Count the lines below that contain the word "Purple", and reply with only that number.

++++++++++

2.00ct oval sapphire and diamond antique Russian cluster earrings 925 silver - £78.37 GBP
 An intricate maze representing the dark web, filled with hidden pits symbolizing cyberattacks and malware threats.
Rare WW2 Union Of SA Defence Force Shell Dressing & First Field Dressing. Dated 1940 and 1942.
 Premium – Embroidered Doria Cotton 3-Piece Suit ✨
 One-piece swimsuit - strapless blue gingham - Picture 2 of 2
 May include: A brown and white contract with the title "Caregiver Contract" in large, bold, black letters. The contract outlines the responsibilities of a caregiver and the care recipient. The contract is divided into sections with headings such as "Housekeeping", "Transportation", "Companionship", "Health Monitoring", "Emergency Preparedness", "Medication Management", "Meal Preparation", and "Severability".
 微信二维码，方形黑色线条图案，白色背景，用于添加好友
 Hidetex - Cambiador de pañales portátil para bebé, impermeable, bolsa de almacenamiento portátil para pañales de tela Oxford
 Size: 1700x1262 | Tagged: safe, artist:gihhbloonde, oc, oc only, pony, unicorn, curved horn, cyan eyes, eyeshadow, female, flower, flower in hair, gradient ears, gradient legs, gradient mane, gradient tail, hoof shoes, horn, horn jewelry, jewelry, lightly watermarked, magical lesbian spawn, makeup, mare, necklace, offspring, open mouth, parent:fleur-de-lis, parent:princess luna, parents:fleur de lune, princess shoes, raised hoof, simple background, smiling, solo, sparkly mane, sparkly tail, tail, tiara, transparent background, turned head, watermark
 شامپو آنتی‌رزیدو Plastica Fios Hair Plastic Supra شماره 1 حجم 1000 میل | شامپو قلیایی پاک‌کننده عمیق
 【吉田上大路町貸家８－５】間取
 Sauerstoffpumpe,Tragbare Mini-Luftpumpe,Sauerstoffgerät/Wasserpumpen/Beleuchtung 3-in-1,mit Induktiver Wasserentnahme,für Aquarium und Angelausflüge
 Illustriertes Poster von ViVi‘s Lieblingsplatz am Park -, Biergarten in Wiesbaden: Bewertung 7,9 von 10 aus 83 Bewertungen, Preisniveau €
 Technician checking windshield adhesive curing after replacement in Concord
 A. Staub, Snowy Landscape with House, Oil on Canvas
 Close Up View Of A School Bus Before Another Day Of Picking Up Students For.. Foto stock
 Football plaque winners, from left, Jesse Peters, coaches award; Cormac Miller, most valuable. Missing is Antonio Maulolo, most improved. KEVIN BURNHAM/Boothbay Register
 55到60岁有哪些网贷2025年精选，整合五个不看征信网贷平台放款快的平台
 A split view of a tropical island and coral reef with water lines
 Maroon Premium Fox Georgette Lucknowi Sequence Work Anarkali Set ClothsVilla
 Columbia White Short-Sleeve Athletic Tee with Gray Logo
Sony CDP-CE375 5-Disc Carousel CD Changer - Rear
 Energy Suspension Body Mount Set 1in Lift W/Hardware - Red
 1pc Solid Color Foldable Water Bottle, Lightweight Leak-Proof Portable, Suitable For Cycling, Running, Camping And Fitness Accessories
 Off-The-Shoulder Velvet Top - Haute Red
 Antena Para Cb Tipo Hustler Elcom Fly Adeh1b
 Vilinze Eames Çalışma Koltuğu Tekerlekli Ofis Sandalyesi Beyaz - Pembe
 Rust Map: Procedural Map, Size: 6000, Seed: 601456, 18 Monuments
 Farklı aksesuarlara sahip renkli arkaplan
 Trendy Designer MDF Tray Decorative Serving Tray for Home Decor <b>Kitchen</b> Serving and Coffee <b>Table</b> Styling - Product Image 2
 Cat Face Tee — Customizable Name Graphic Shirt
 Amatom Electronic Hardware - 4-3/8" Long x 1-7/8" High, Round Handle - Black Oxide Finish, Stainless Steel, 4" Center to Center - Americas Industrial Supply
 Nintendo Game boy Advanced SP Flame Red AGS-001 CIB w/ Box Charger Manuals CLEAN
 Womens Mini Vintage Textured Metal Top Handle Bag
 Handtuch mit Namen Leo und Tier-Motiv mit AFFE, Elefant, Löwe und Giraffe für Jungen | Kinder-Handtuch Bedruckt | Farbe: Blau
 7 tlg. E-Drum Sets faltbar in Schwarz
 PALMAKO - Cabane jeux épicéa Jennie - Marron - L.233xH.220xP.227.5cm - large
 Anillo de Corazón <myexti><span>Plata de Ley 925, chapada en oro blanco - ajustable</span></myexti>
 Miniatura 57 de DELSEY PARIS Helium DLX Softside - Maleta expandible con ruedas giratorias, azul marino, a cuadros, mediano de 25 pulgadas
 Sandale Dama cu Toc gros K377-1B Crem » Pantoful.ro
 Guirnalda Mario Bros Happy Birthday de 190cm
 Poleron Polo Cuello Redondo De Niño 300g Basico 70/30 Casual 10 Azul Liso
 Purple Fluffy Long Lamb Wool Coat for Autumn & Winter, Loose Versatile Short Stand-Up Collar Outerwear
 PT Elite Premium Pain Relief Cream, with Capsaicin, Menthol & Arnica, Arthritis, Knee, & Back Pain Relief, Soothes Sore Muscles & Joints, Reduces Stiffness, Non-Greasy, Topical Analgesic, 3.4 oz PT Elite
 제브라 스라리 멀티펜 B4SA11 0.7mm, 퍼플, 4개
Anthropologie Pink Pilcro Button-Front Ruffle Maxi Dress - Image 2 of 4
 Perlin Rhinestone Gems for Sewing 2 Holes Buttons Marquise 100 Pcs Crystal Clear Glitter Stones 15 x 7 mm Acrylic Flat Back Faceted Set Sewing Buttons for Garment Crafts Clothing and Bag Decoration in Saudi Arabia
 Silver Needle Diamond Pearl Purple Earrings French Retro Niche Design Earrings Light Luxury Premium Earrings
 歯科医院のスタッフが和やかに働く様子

++++++++++

TASK RESPONSE.
2